CIX. Les prêtres me dirent encore que ce même roi fit le partage des terres, assignant à chaque Égyptien une portion égale de terre, et carrée, qu’on tirait au sort ; à la charge néanmoins de lui payer tous les ans une certaine redevance, qui composait son revenu. Si le fleuve enlevait à quelqu’un une partie de sa portion, il allait trouver le roi, et lui exposait ce qui était arrivé. Ce prince envoyait sur les lieux des arpenteurs pour voir de combien l’héritage était diminué, afin de ne faire payer la redevance qu’à proportion du fonds qui restait. Voilà, je crois, l’origine de la géométrie, qui a passé de ce pays en Grèce[1]. À l’égard du gnomon[2] du pôle, ou cadran solaire, et de la division du jour en douze parties[3], les Grecs les tiennent des Babyloniens.

CX. Sésostris est le seul roi d’Égypte qui ait régné en Éthiopie. Ce prince laissa des statues de pierre devant le temple de Vulcain, en mémoire du danger qu’il avait évité. Il y en avait deux de trente coudées de haut, dont l’une le représentait, et l’autre représentait sa femme ; et quatre de vingt coudées chacune, qui représentaient ses quatre fils. Longtemps après, lorque Darius, roi de Perse, voulut faire placer sa statue devant celles-ci, le grand prêtre de Vulcain s’y opposa. Ce prince, objectait-il, n’a pas fait de si grandes actions que Sésostris. S’il a soumis autant de nations, du moins n’a-t-il pu vaincre les Scythes, que Sésostris a subjugués. Il n’est donc pas juste, ajoutait-il, de placer devant les statues[4] de Sésostris celle d’un prince

  1. Pamphile raconte que Thalès de Milet apprit la géométrie des Égyptiens et qu’il en apporta la connaissance en Grèce. (Diogène Laerce, liv. i.)

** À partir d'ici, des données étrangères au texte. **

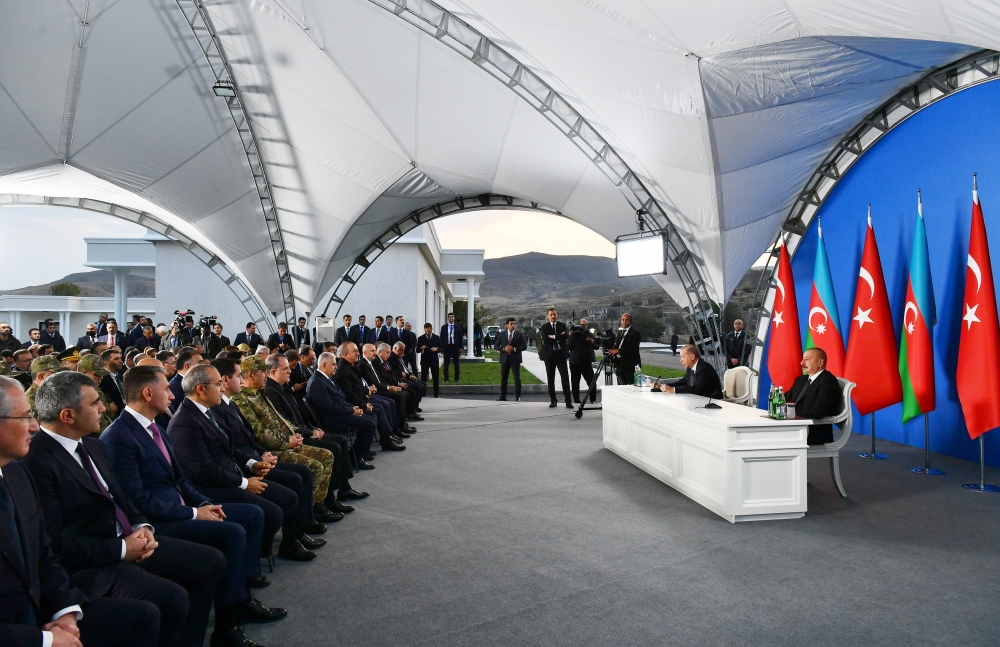 Qarabağ və Şərqi Zəngəzurda böyük işlər görüləcək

  2. Le gnomon était une colonne ou obélisque, dont on mesurait l’ombre pour déterminer la position du soleil. (Miot.)
  3. Il paraît, par ce passage, que, du temps d’Hérodote, le jour se partageait en douze parties : cependant on ne peut en conclure qu’on donnait à ces douzes parties le nom d’heures. On ignore à quelle époque on commença à désigner par ce nom les diverses parties du jour. (L.)
  4. Dans le grec : ses offrandes. Les statues qu’on élevait à quelqu’un étaient toujours offertes aux dieux, afin qu’étant sous la protection de la religion, personne n’osât les renverser.